The next year, I premiered Josh Levine’s “Anyway,” which was commissioned and presented at IRCAM in Paris. This 35-minute work for harp and electronics demands technology from Camac Harps, in which there is a pickup under every string much like an electric guitar. The intimacy of the piece is almost painful: Every little acoustical nuance is supercharged, making uncomfortably explicit to the audience all of what the harp is subjected to. The teeth of the gears on the strings can be heard with each pedal change, as can the seeming stomping of the feet in complicated passages. So can the tapping of the calluses on the varnished gut strings when I’m preparing to pluck, and each minuscule tuning fault, which can cause intense beating in any of the 180 speakers used at the premiere.
Figuring out “Anyway” required about seven weeks of intense studio time, spread over 18 months, along with months of practicing and fund-raising on my part. Such was the complexity of the work that a technician told me it posed one of the more intricate challenges that he had seen in his many years at IRCAM. For all its pyrotechnics, though, the work has arresting moments of stunning weightlessness as detuned strings at the top of the harp interact with overtones from lower metal strings to proffer slow undulations. The subtle accompanying electronics constitute a duet with the harp, playing with acoustics to make the room feel like it’s moving, even breathing, like a human lung.

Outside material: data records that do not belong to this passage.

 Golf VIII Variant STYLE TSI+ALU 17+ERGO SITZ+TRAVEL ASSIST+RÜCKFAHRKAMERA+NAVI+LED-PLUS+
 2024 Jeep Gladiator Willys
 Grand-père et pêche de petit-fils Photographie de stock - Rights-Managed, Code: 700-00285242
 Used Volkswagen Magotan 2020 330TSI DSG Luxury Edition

OF COURSE, all this takes a lot to put together: having conversations about fund-raising; missing friends’ weddings; lying when a caring partner asks, after a difficult performance, “Are you sure you’re not hurting yourself?”; being honest enough to admit that the loneliness of focusing singularly on promoting and supporting new works of art induces intense depressive episodes.
Six days before the premiere of “Anyway,” I whacked my elbow against a wooden music stand hours before an evening-long dress rehearsal that had been years and tens of thousands of dollars in the making. I made it through that day and the concert, but I wondered whether I’d regain feeling in the ring finger and pinkie in my left hand. The next morning, it was no better, and a friend sternly looked at me over breakfast and told me firmly, but kindly, “It didn’t have to be this way.”

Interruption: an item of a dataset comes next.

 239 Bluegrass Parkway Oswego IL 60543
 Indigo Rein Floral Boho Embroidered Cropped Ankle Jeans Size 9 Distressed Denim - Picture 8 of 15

I powered through the next few months, but on the night I was to perform another new work, the numbness in my left hand returned. Soon, I was back in Paris, where I met with an orthopedist who kept a life-size poster of Alain Delon on the wall. I was told I had a pinched ulnar nerve, which would require a two-month break from the harp.
Although I recovered, it took a while for me to learn the lesson that while I can challenge the limitations surrounding the harp, I can only push so hard. And some things are beyond my control. I was planning to bring “Anyway” to my 92NY recital for its New York premiere, but the colleague from IRCAM who coded the electronics was not able to obtain a visa to travel to the United States. There was no other choice but to program something else.
In instances like that, it can be difficult to maintain energy or garner excitement when so much can potentially go wrong. Fortunately, composers are as much of a lifeline as my family, and have helped me learn to ride the waves. After an idealistic stretch in Paris, they helped me get back to New York, somewhat with my tail between my legs. Now, I’m taking a bit of space, and starting a Ph.D. program at Columbia University, before the next round of commissions in 2026. There may be some new constraints on time, but if there’s anything a decade of working with composers has taught me, it’s that boundaries are what force us to be creative.